Alexis Smith obituary in “The Independent”.
ALEXIS SMITH was an aloof, glacial beauty who was typecast as such. She was soignee, smart, sophisticated, hair swept up (it was a shock to see it falling around her shoulders), with diamante-encrusted collars. She was a leading star who never engaged much popular attention – how could she, in those roles? – or excited the critics. She was a Warner Bros workhorse.
In the Thirties, Warners was fuelled by the star-power of James Cagney and Edward G. Robinson. Bette Davis and Humphrey Bogart came up about the same time, at the end of the decade, which startled Jack L. Warner, because they had both been under contract for a long while. Also, because they were rebellious, he never liked or understood either of them, but he felt it safer to go with Bette than with Bogey. Basically, Warners stopped making pictures for men (Cagney and Robinson had both left) and the roles that Davis turned down could be taken by Barbara Stanwyck, Joan Crawford, Ann Sheridan or Ida Lupino. These were all strong women. So was Alexis Smith, but she was last in the pecking order.
She first made an impact, if a mild one, as the society lady who goaded and taunted Errol Flynn throughout Gentleman Jim (1942), a romanticised life of the prize-fighter James Corbett. In The Constant Nymph (1943), stinking-rich again, she prevented the artless Charles Boyer from realising that he really loves the naive Joan Fontaine.

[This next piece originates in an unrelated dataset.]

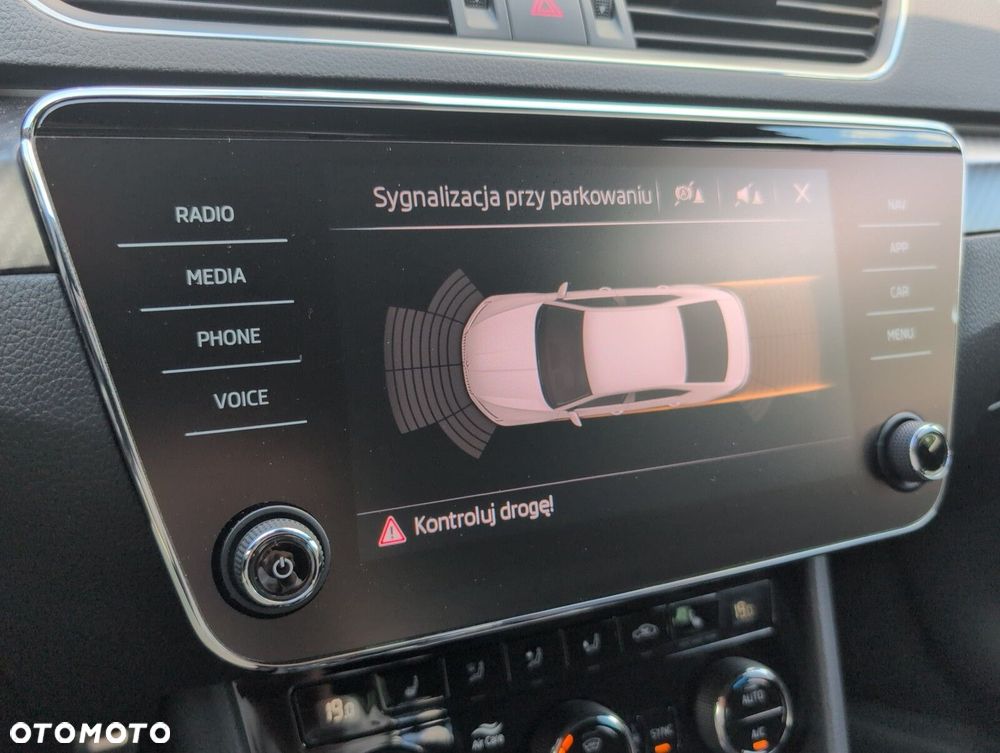 Skoda Superb 2.0 TDI SCR Sportline DSG - 35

In Rhapsody in Blue (1945) she was a slinky Manhattanite who confused George Gershwin (Robert Alda) no end when he had troubles as to whether he should be writing concerti or Broadway songs; in Night and Day (1946) she reprised the role, in a way, as Mrs Cole Porter, incessantly fed-up because Cole (Cary Grant) cannot stop burning the midnight oil. She was Marian Halcombe in the surprisingly effective version of Wilkie Collins’ The Woman in White (1948).
Like all the best stars, there was no one else quite like her, but she did not ‘give’ very much. Her haughtiness should have contrasted well with the cynicism of Bogart – Conflict (1945), The Two Mrs Carrolls (1947) – or the devil-may-care Flynn – San Antonio (1945), Montana (1950) – but you merely admired her coiffure and tailoring. She was loaned to MGM to star opposite Clark Gable in Any Number Can Play and, her Warner contract finished, she went to Paramount to play the stuffy fiancee Bing Crosby drops for a bubbly Jane Wyman in Frank Capra’s Here Comes the Groom (1951).
In the decade that followed she played occasional second leads, returning to Warners to support Paul Newman in The Young Philadelphians (1959). This was Alexis Smith? Stunning as ever – but playing with a warmth never even hinted at before.
She retired, happily married to Craig Stevens, an erstwhile star of ‘B’ movies, but she returned to show business in Stephen Sondheim’s Follies in 1971. This was Alexis Smith? This scintillating redhead, kicking her legs up and having a ball?
She had auditioned for the role, one of the show-business has-beens which comprised most of the cast, and it reflected her rather aristocratic past: but she broke out, revealing glee, radiance, a joie de vivre. She sent her old self up, gloriously, and got a Tony award, the New York Critics’ award and a Time cover.
She played Kirk Douglas’s wife in Jacqueline Susann’s Once Is Not Enough (1974), ‘the world’s fifth richest woman’ and a lesbian. Four years later she played a blue-blooded horse breeder in Martin Ritt’s pleasing Casey’s Shadow, starring Walter Matthau, with more style and warmth than she showed in all her Warner Bros movies put together.
These two qualities were wonderfully in evidence when she sang ‘Nobody’s Chasing Me’ in the tribute to Cole Porter in London two years ago.